Stones and Elephants by Chia-Wei Hsu derives from the Malay literary classic The Hikayat Abdullah. The author Abdullah bin Abdul Kadir, who once served as the secretary of Major General William Farquhar, chronicled his life in Malaysia and published his writings in 1849. Hsu’s video installation excerpts two chapters from this classic. The artist invited a Malay shaman to read these two stories as a voiceover and to pray for a peaceful filming trip. The chapter “Melaka Fort” depicts how the British destroyed the strong fortress to weaken Malacca and return control of the region to the Dutch East India Company, while the other describes the locals, William Farquhar, and his interest in ecology. The perspective offered by the drone creates a unique relationship between the human and the non-human. The artist can only use technology and the internet as a vessel for memories. As stated in the narration, “all these have passed, showing that everything is so fragile.” Algorithms ensure that every keyword search will show different results, presenting elements of truth among the uncertainty of this work. Through this, Hsu attempts to retrace historical scenes that have been lost to time.

Embarking from myriad audio-visual narratives, Chia-Wei Hsu pursues imaginative interrogations of cultural contact and colonization in Asia, oftentimes amalgamating his primary narratives with non-human actors including technologies, animals, gods, environments, traditions, and material objects.
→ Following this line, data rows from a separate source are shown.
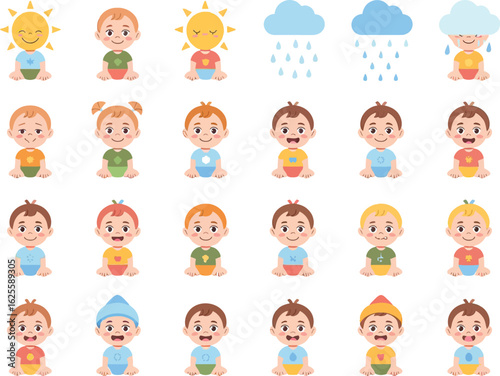 Collection of babies in different outfits and weather icons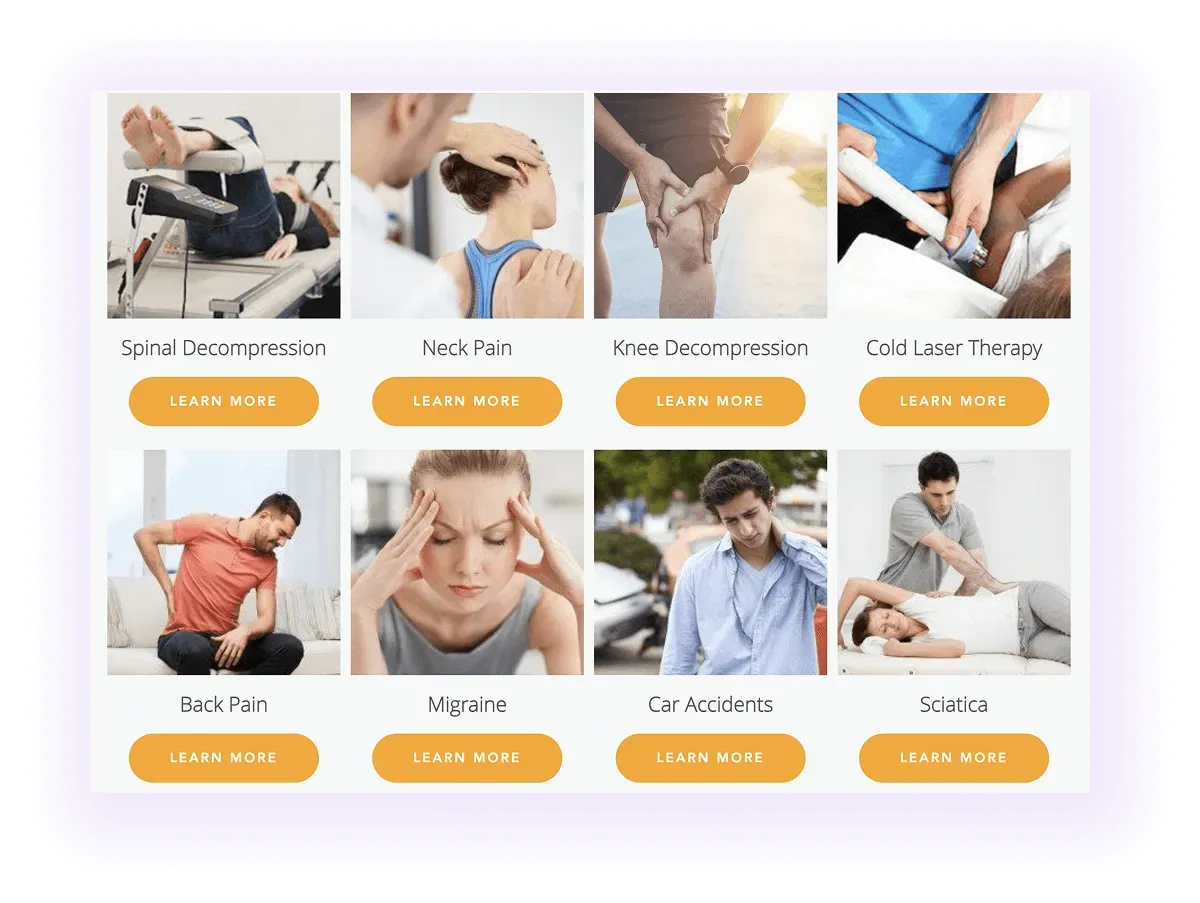 example of service-to-service linking section on chiropractor's website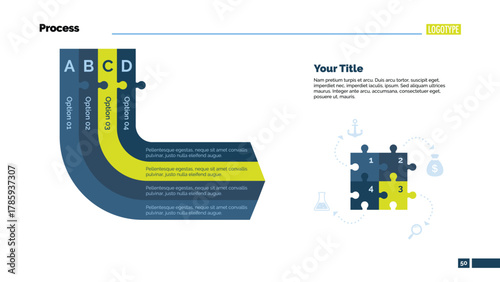 Ribbons and Jigsaw Puzzle Slide Template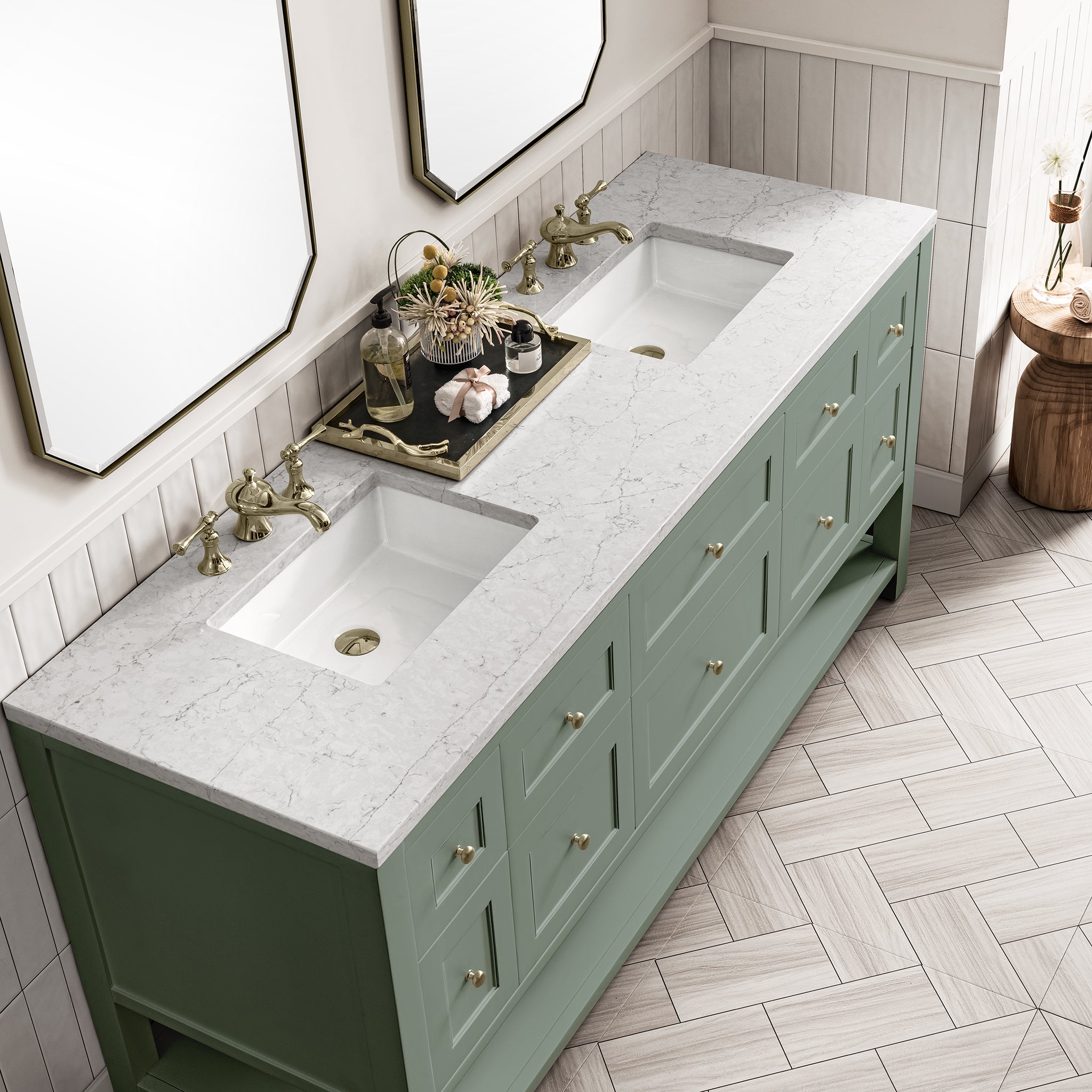 James Martin Breckenridge 72" Double Bathroom Vanity, Smokey Celadon, view 14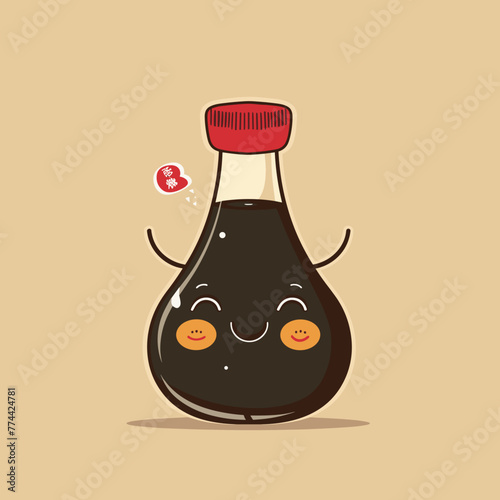 Cute kawaii bottle of soy sauce. Vector illustration.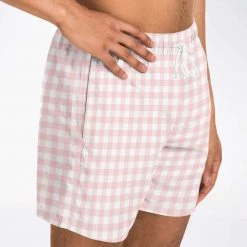 Subliminator Swimwear Pale Pink Gingham Check Swim Shorts 15 Subliminator Swimwear Pale Pink Gingham Check Swim Shorts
Bringing these diverse subjects together results in a bumpy ontological bleed between them, forming the topography of a historical geography without a straightforward objective position. By reinterrogating what histories and relations coexist within a given locale, Hsu’s work manifests new imaginative potentialities for their revitalization, an uncertain, profound terrain throughout his films and installations.

While his work has consistently probed regulatory systems including religion, science, architecture, and military action, Hsu’s work has increasingly explored digital ontologies and the Internet of Things, in which previously luddite household objects have become connected to the internet. The digital, as a territorializing field produced by components largely manufactured in Asia, allows Hsu to attempt the detournement of western knowledge-bases to formulate new, imaginative archipelagos.